Polak würdigte in ihrer Laudatio das innovative Projekt. Der Leitfaden diene zur Förderung von Frieden
und geistlicher Ökumene, besonders durch das Gespräch und die Vertrauensbildung zwischen Christen und
Juden; nach der Katastrophe der Shoa eine bleibende Aufgabe für die christlichen Kirchen.

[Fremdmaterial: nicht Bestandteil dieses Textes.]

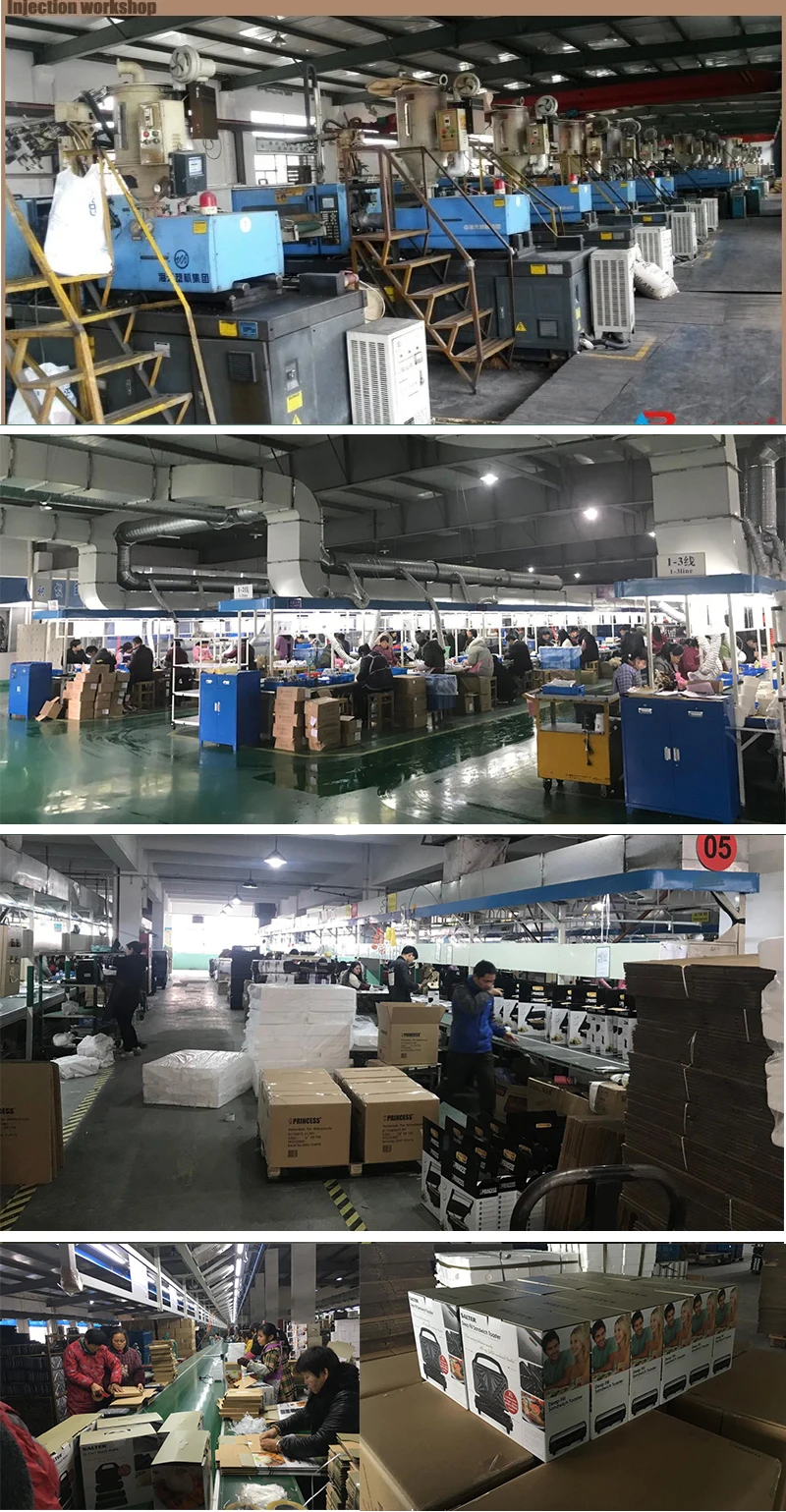 Sandwich Workshop Anbolife.jpg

Ökumene bedeute neben dem Ringen um Wiederherstellung der getrennten Kirchen immer auch "Heilung, Versöhnung
und Wiederherstellung verletzter Einheit", so Polak. Zu dieser verletzten Einheit der einen Kirche Jesu Christi
gehöre aus christlicher Sicht von Anbeginn an - "und tragischerweise auch" - die gewaltbehaftete
Trennung bzw. Abspaltung vom Judentum.
Konfessionsübergreifender Judenhass habe den geistigen Nährboden bereitet, auf dem das rassistische Gedankengut
des Antisemitismus wachsen konnte, sagte die Theologin. Die Katastrophe der Ermordung von sechs Millionen Juden
habe die christlichen Kirchen gezwungen, sich dieser Mitschuld zu stellen. Polak: "Heute wissen jene Katholiken
und Evangelische, die sich seither im christlich-jüdischen Dialog engagieren, dass Christinnen und Christen
ihren eigenen Glauben gar nicht verstehen können ohne Dialog mit dem Judentum in Geschichte und Gegenwart,
und zwar so wie es sich selbst versteht." Der christlich-jüdische Dialog sei "das grundlegende Thema
für das Selbstverständnis als Christinnen und Christen“ und elementar für die Identität der
Kirchen. Polak wies auf den zunehmenden Antisemitismus - "global und in vielerlei Gestalt" - hin, "rechts
wie links, demokratisch wie autoritär, muslimisch wie auch nach wie vor innerhalb der Kirchen". In diesem
Zusammenhang werde deutlich, "wie notwendig und aktuell ein solches Projekt wie der hier prämierte Leitfaden
ist".
Sichtlich erfreut über den Preis zeigte sich Elisabeth Lutter. Das Ökumene-Netzwerk sei inzwischen zu
einem Freundeskreis zusammengewachsen. Mit dem Projekt wolle man nicht nur über das jüdische Vermächtnis
sondern mit jüdischen Menschen sprechen, um so „ein Stück Heilung und Vertrauensbildung“ zu leisten.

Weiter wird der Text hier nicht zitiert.